- _Exercise input_
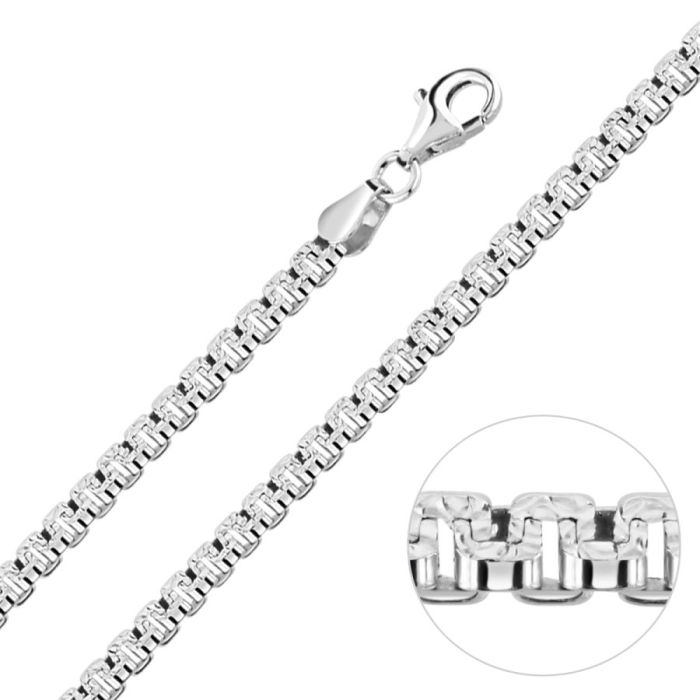 Sterling Silver 3.5mm Greek Box Pave Chain Necklace  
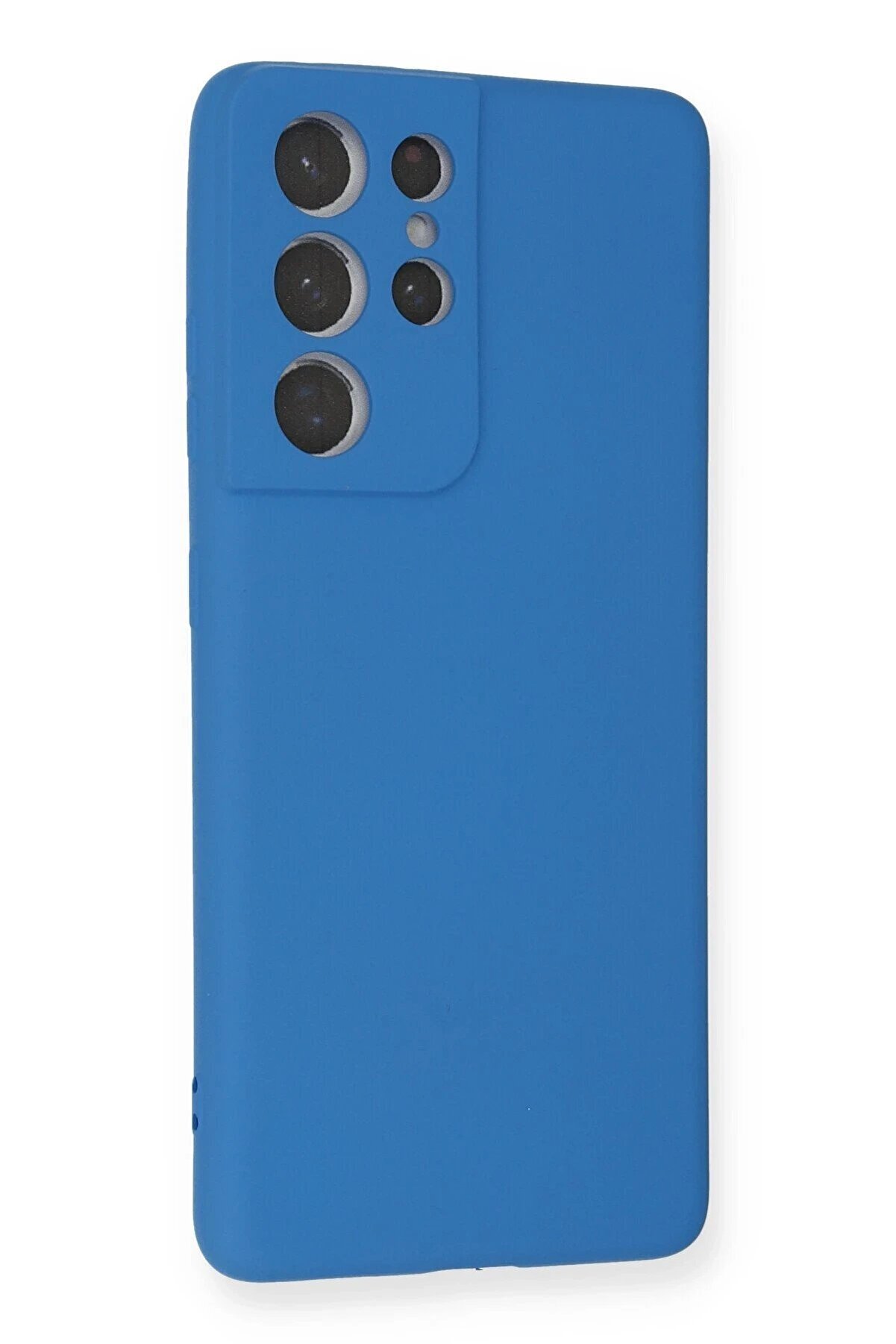 Samsung Galaxy S21 Ultra Kılıf Nano İçi̇ Kadi̇fe Si̇li̇kon - Mavi̇ - Dropx7600-5095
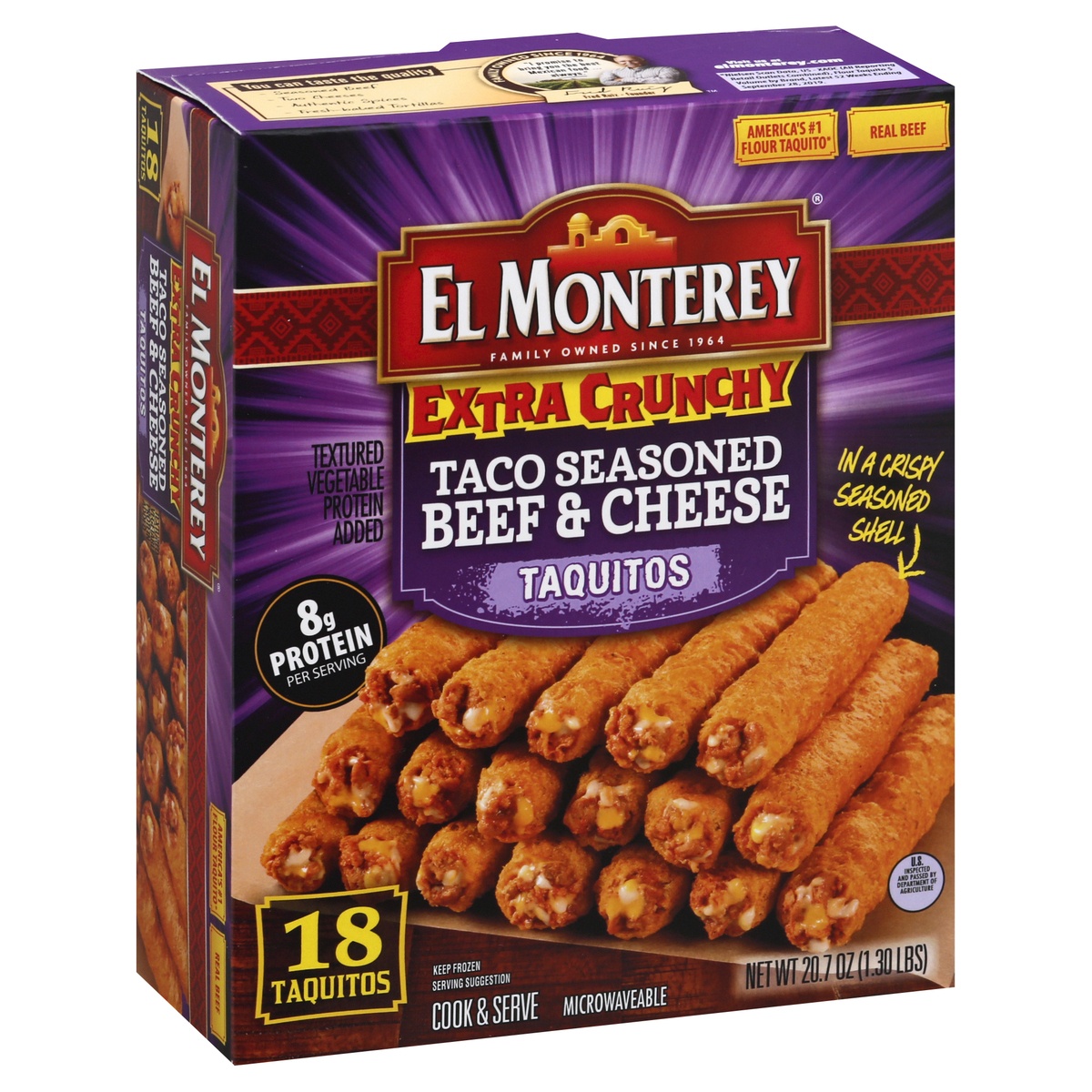slide 2 of 10, El Monterey Extra Crunchy Taco Beef & Cheese Taquitos, 24.2 oz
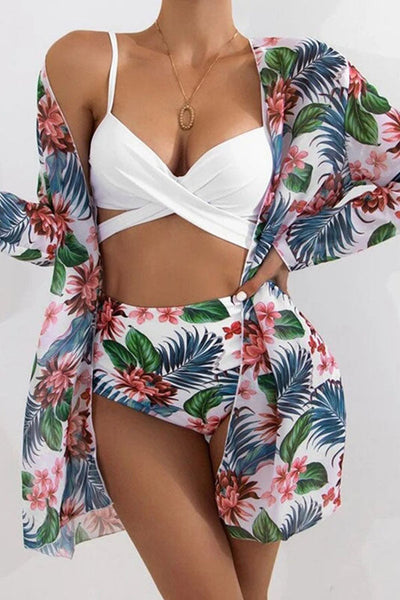 European And American Floral Bikini Three Piece Set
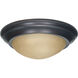 Signature 3 Light 17 inch Mahogany Bronze Flushmount Ceiling Light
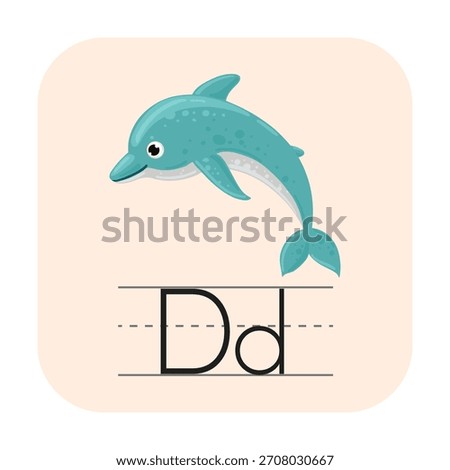 Dd for Dolphin vector for kids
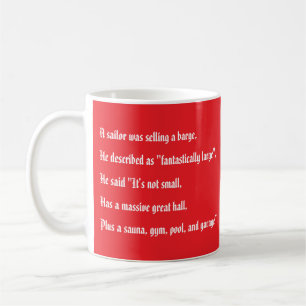 Sailor, Barge Owner, or Canal Lover Limerick on a Coffee Mug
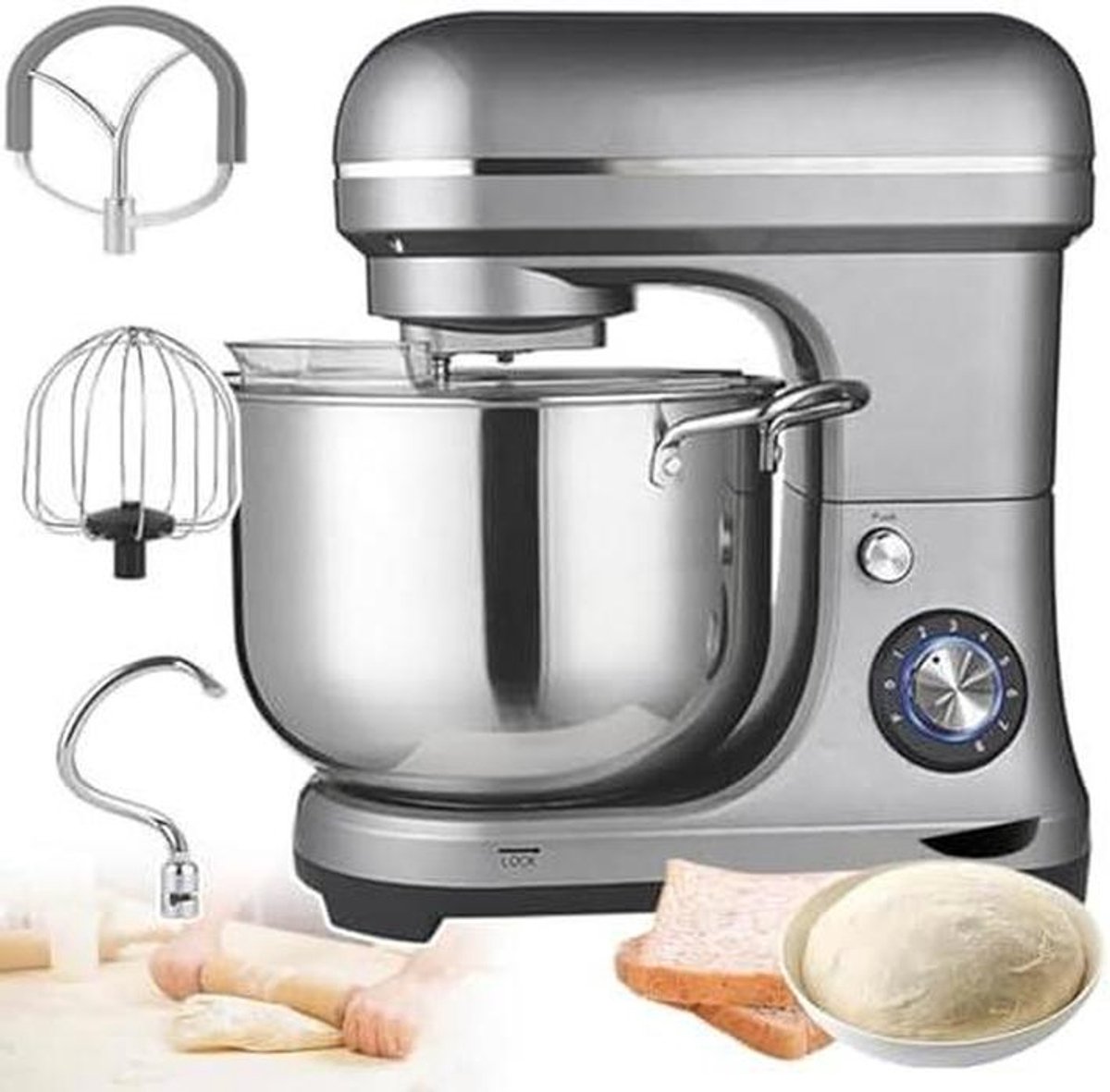 Keukenmixer - Deegmachine - Bakken Maken - Grote 10L Kom - 8 Snelheden - Zilver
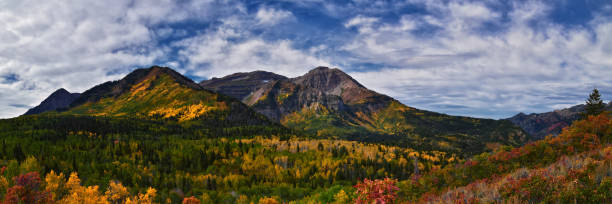Timpanogos back Willow Hollow Ridge, Pine Hollow Trail hiking view Wasatch Rocky Mountains, Utah. United States.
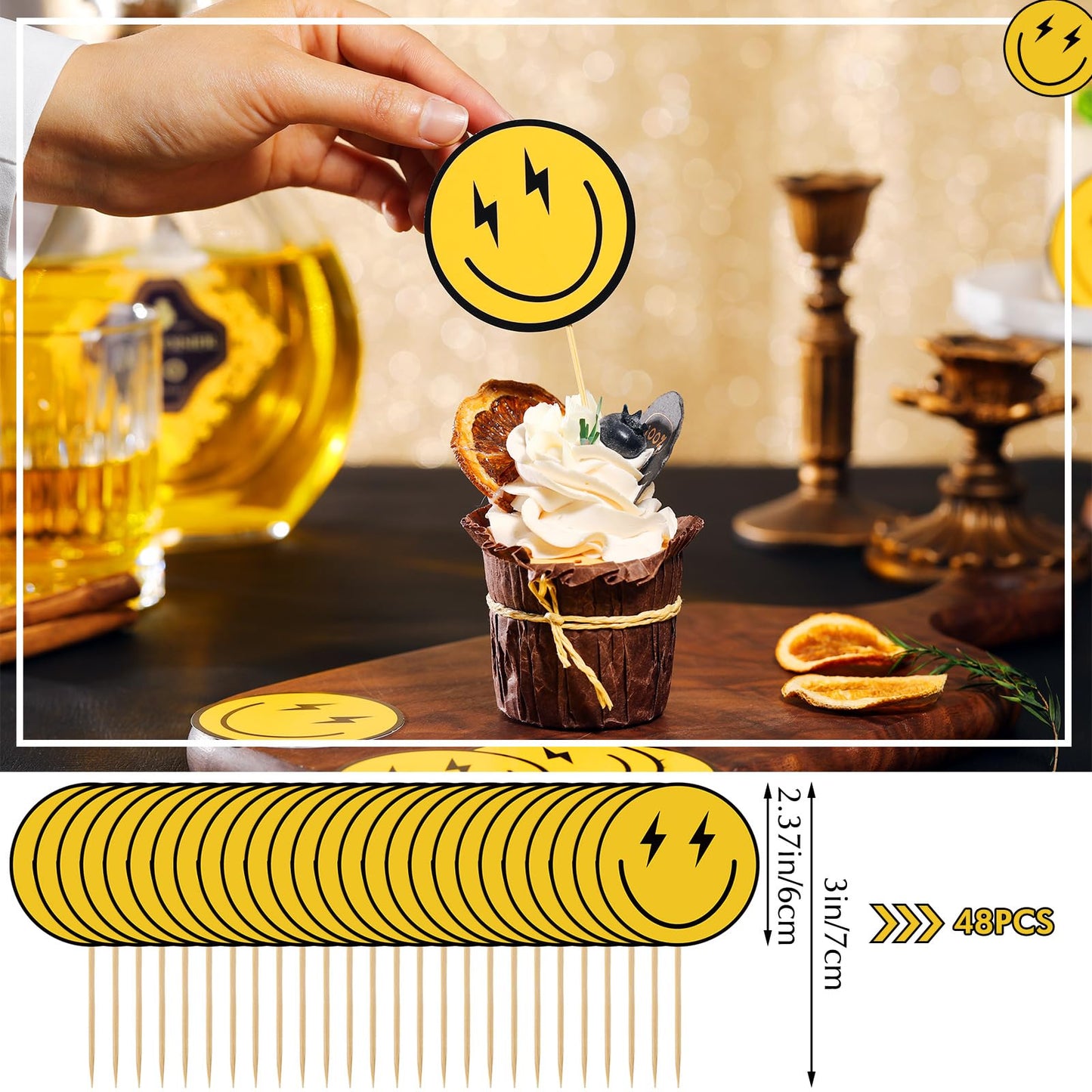 Seajan 48 Pcs One Happy Dude Birthday Cupcake Toppers Smile Face 1St Birthday Cake Topper Hippie First Birthday Decoration Mini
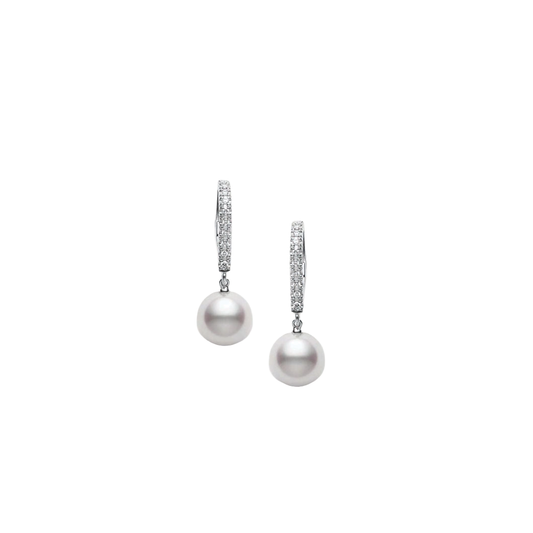 7.5mm Akoya Pearl and Diamond Lever Back Earrings in White Gold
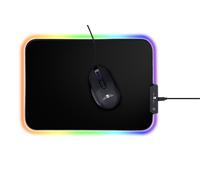 Tapis de souris Grundig No Fear Game avec lumière - LED RVB avec 14 modes d'éclairage - Antidérapant - Noir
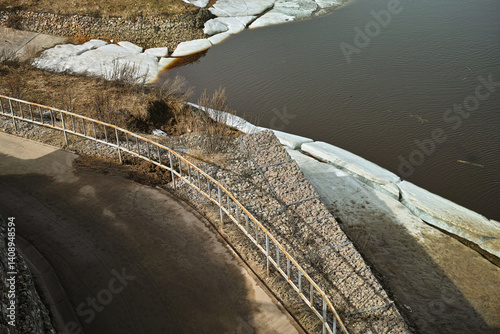 river embarkment with thawing ice
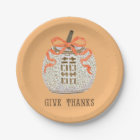 Give Thanks Thanksgiving Chinoiserie Pumpkin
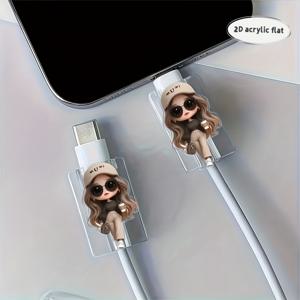 TEMU 2D 아크릴 플랫 디자인, 아름다운 안경을 쓴 소녀가 특징인 2개입 디자인, 데이터 케이블 보호 케이스로 파손 방지, 타입-C 및 iPhone 호환, 튼튼하고 사랑스러운 충전 케이블 커버, 크리스마스 선물로 완벽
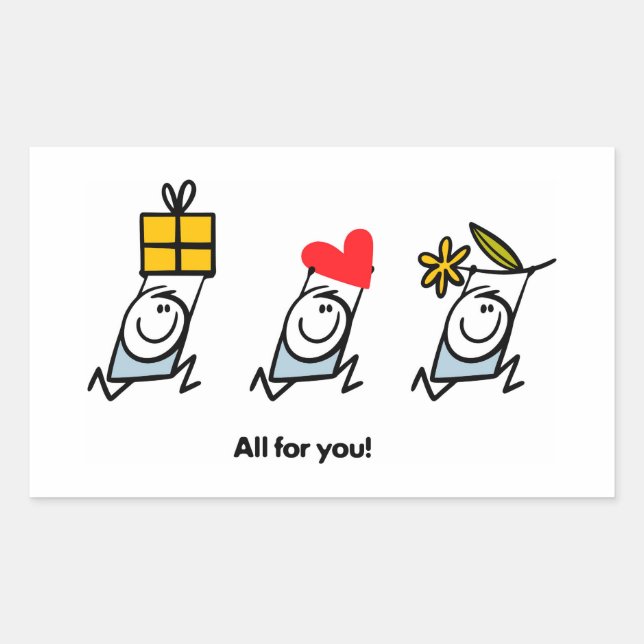 Gift, heart and flower rectangular sticker (Front)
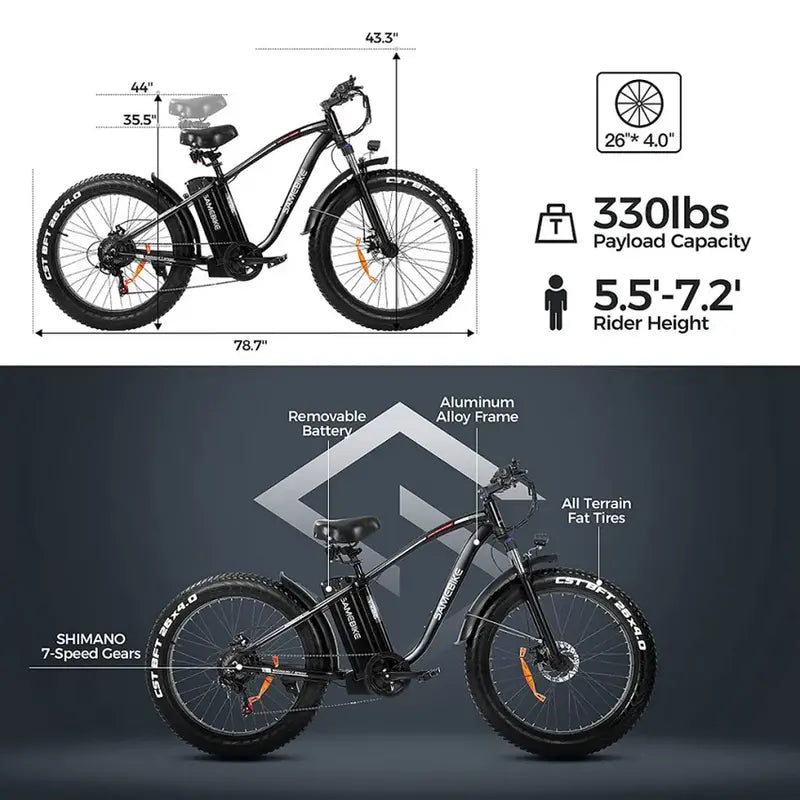 Clearance: Compact Electric Bike – 48V/15Ah Lithium Battery. Urban Commuting & Recreation Ready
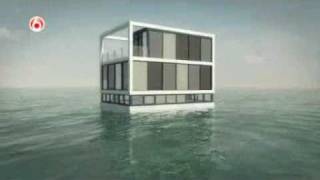 Building a floating house showing the concept of construction [upl. by Hogarth]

- _Problem to work on_
Say again, word for word, every line from the one with "Clearance: Compact Electric" through the last line of the data above, minus the pictures.

- _Written response_
 Clearance: Compact Electric Bike – 48V/15Ah Lithium Battery. Urban Commuting & Recreation Ready
 Building a floating house showing the concept of construction [upl. by Hogarth]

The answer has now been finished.